To Kill a Mockingbird

The film version of Harper Lee’s novel was released in 1962.  I studied the book in 1976. I had no idea there was a film and back in the 70s, unless it was shown on television, there would have been no way to see it.  It was long gone from the cinemas and only a helpful co-incidence of scheduling would have enabled me to watch rather than read it.

I am pleased I grew up in a time before on line streaming, DVDs, or even video cassettes since there was no way to consume ‘To Kill a Mockingbird’ other than to read it.  Having done so, for my English Literature O Level, I gained a book that has remained in my hinterland ever since.

When I discovered that a film had been made of the book I loved, I was reluctant to watch it.  By this stage I had passed through university and the age of the video cassette made it possible to watch at any time.  I held off.  The chances of a film director replacing my vision with his own were too great a risk.  Instead, I kept my own version of the story alive and only ended up watching the film when asked to do so with a friend. It seemed rude to decline and odd to say that I didn’t want my book memory affected.
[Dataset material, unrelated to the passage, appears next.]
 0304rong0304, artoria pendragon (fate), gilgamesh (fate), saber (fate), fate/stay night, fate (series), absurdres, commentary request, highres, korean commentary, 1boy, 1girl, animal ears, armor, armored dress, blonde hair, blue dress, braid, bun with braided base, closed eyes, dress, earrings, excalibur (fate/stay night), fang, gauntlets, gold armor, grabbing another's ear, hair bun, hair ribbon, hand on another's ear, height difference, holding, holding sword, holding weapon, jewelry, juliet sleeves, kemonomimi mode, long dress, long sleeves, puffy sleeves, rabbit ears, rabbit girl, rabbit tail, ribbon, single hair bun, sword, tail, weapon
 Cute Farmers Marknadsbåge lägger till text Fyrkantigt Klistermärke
Gregory Peck was not my Atticus Finch but he was amazing in this role and the film earned its place as a classic in my hinterland.  I can see why Peck won the Academy Award.  The film was directed by Robert Mulligan with a screenplay by Horton Foote.  Mary Badham as Scout and Philip Alford as Jem were very close to the children in my head from reading the book.  It is now hard to picture anyone else when rereading the novel.

Many films have to distil the book to tell the story, or concentrate on some parts at the expense of others but this film did not fall short of its tall order.

‘To Kill a Mockingbird’ is in my hinterland. What’s in yours?